В последние годы первым признаком разгорающегося дня было щедрое, катившее свой огромный, круглый шар по бескрайнему простору солнце и, ни с чем не сравнимый, обвевающий всё тело, пахнущий водорослями, свежий, упругий ветер, рвущийся в приоткрытый иллюминатор. А за дверью каюты, только успевал её толкнуть, — басовитое гудение того же ветра в мачтах, дробное, утробное урчание и посапывание машин под палубой, снизу, сверху, слева и справа разносящийся топот матросских ног, свист боцманских дудок, скрип такелажа и лязганье якорных цепей... Жизнь фрегата не замирала, не останавливалась ни ночью, ни днём, и только люди, поочерёдно меняясь на вахтах, могли провести приметную для них грань занимающегося рассвета.

Первый же рассвет, встреченный в Овстуге, оглушил Бирилёва своей густой и пугающей тишиной. Он быстро оделся и вышел за порог. Свежий воздух наполнял грудь, кровь горячилась, требовала движений. Распахнул конюшню, вскочил на белого жеребца Орлика и пустился рысью, вниз, за Мамаеву рощу. Приметил выводки вальдшнепов и, вместо завтрака наскоро глотнув кофе, в сопровождении ликующих Димы и Вани отправился на охоту.

Однако день впереди оставался ещё почти целым, нерастраченным. И Николай Алексеевич пошёл с Мари на сахарный завод, где с помощью механика осмотрел все машины.

Намётанный глаз обнаружил плохо пригнанные приводные ремни, несмазанные шестерни, еле заметную, но опасную течь в котлах.

Он сбросил охотничью тужурку и, закатав рукава белой сорочки, принялся возиться с механизмами. Дело было привычное: кроме знаний по навигации, астрономии, начертательной геометрии, Бирилёв ещё в морском корпусе успешно занимался теоретической и практической механикой.

Но паровые машины броненосных фрегатов — и сахарный завод... Весь другой день проскучал и за вечерним чаем предложил Мари вернуться в Петербург, а оттуда направиться куда-нибудь во Францию или Швейцарию. Паспорта выправят без проволочки, указано ведь в отпускной бумаге: «лечение вне пределов», а деньгами морской министр снабдил щедро...

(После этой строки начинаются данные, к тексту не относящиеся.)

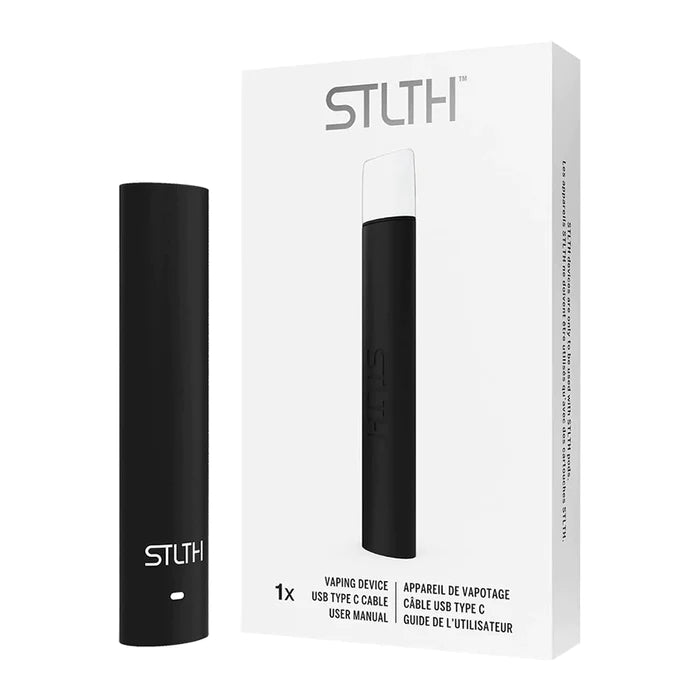 STLTH Device Black Rubberized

Мари потупилась и предложила отложить решение хотя бы на неделю. Но не прошло и недели, как жестокий приступ свалил Бирилёва с ног.

О смерти не думал даже в кромешном севастопольском аду. А здесь открыл глаза, встретил испуганный взгляд Машеньки, бледное, напряжённое лицо Эрнестины Фёдоровны, ощутил влажную, горячую духоту враз промокшей от пота рубашки, решился успокоить стоявших у постели, но не смог выдавить из горла ни звука и впервые в жизни испугался: неужели конец?